Washington: The US government began a Christmas shutdown early on Saturday, after Congress adjourned without passing a federal spending bill or addressing President Donald Trump's demand for money to build a border wall.
Operations for several key agencies ceased at 12:01 am Saturday (0501 GMT), despite last-ditch talks that continued on Capitol Hill between White House officials and congressional leaders in both parties.
While most critical security functions remain operational, the effects of the budget wrangling and uncertainty have cast an air of chaos over the capital, which is also reeling from Defense Secretary Jim Mattis's resignation announcement on Thursday.
The uncertainty pushed Wall Street into a third straight rout on Friday, to end its worst week since late 2008 at the start of the global financial crisis.
"President Trump threw a temper tantrum and convinced House Republicans to push our nation into a destructive Trump Shutdown," Chuck Schumer, the top opposition Democrat in the Senate, and his House counterpart, fellow Democrat Nancy Pelosi, said in a joint statement.
Trump has dug in on his demand for $5 billion for construction of a wall to curb illegal immigration on the US border with Mexico.
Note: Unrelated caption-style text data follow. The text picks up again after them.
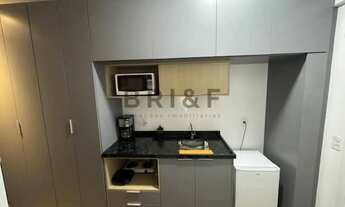 Imagem 4: APARTAMENTO PARA VENDA E LOCAÇÃO COM 23M², 1 QUARTO NA VILA MARIANA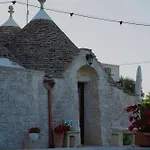 Frühstückspension Trulli Pastore 4*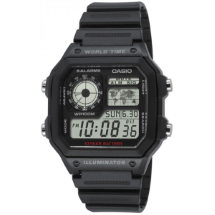 Casio AE-1200WH-1AVDF Erkek Kol Saati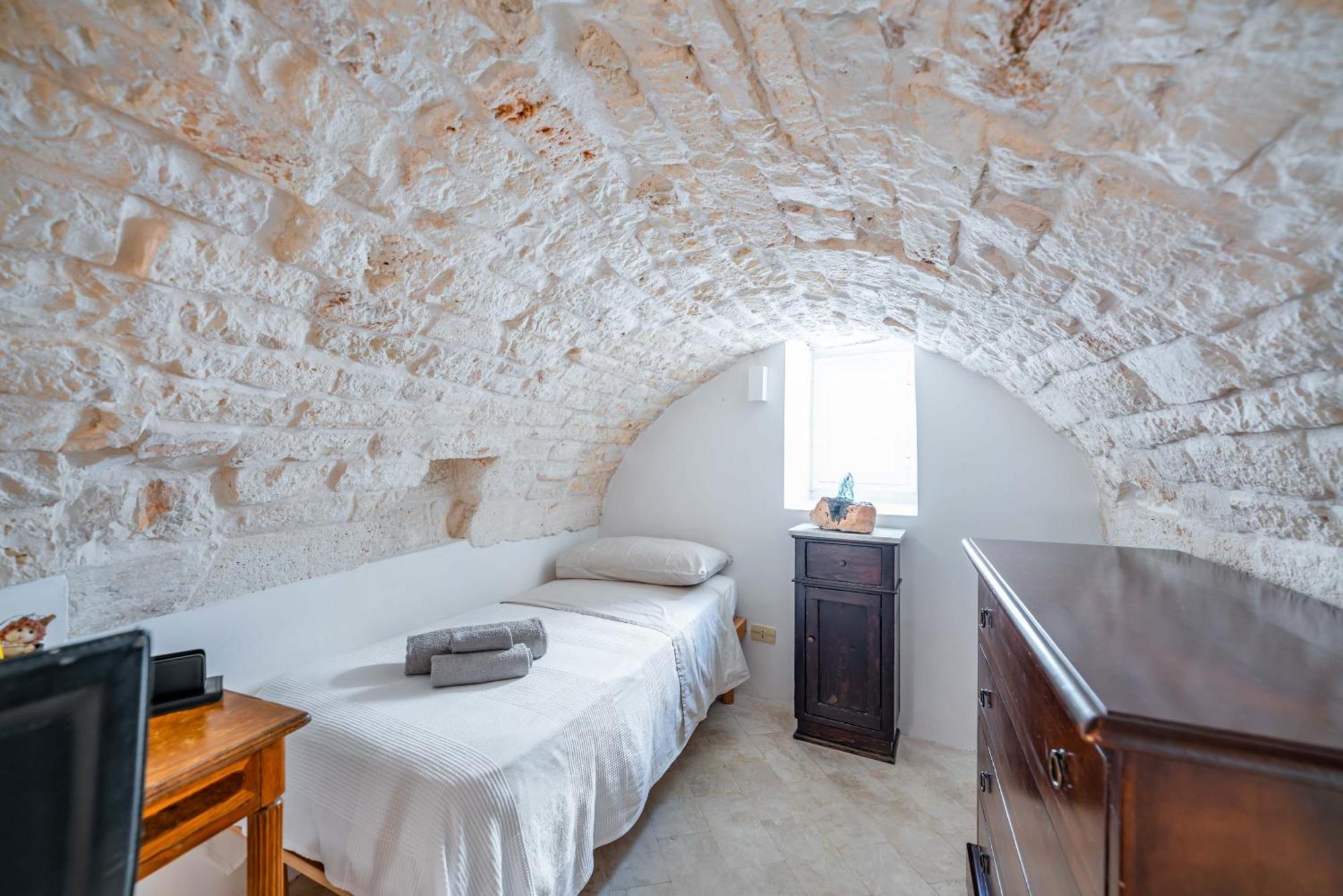 Dimora Bianca Villa Ostuni Buitenkant foto
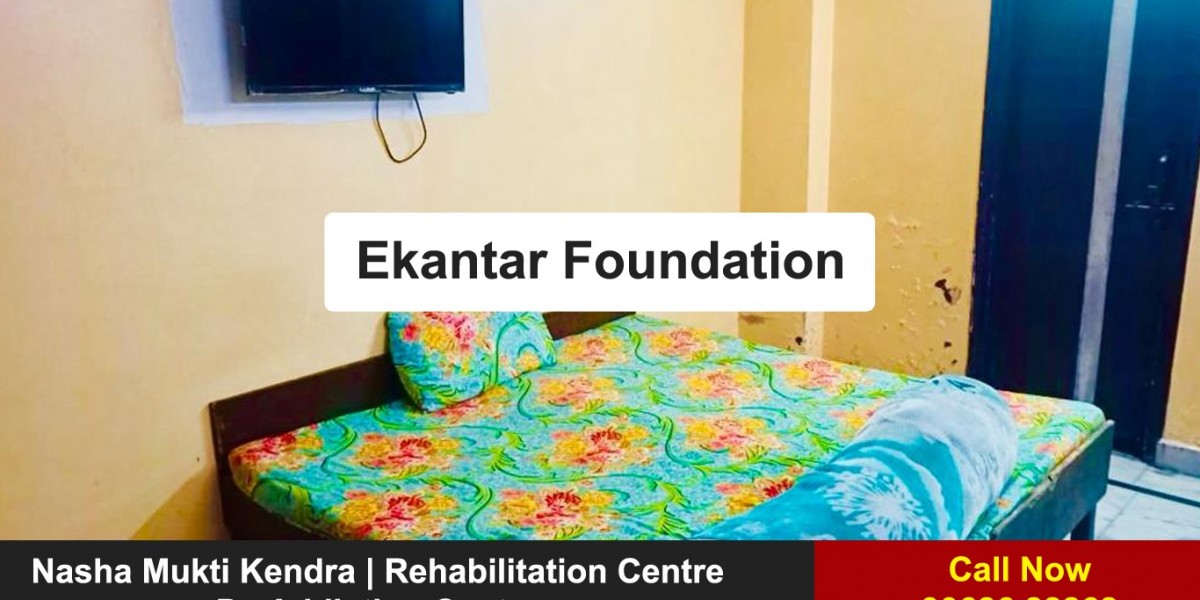 Discover a New Path at Our Nasha Mukti Kendra in Ghaziabad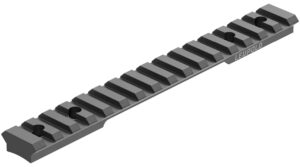 Leupold 171346 BackCountry Cross-Slot Base Matte Black Browning A-Bolt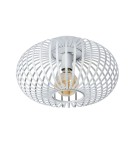 Ceiling lamps - Lucide MANUELA Plafond Light 1xE27 ?40cm White 78174/40/31 - product 7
Democrats are staunchly opposed, and the absence of an elusive deal means federal funds for dozens of agencies lapsed at midnight on Friday.
The House of Representatives and the Senate are due back in session at noon on Saturday but it remains unclear how long the shutdown -- the third this year -- will last.
Trump expressed hope late Friday night that it "will not last long," after earlier saying he was ready for just that.
His own Republican party still controls both the House and Senate, but that will change in January when the House comes under Democratic control.
For now, 800,000 federal employees will be either furloughed or forced to work without pay in the run-up to the Christmas holiday.
"The failure to fund the government's operation is shameful, unacceptable, and a completely avoidable waste of taxpayer dollars," David Cox, national president of the American Federation of Government Employees, said in a statement.
"This is a dereliction of duty by Congress and the president."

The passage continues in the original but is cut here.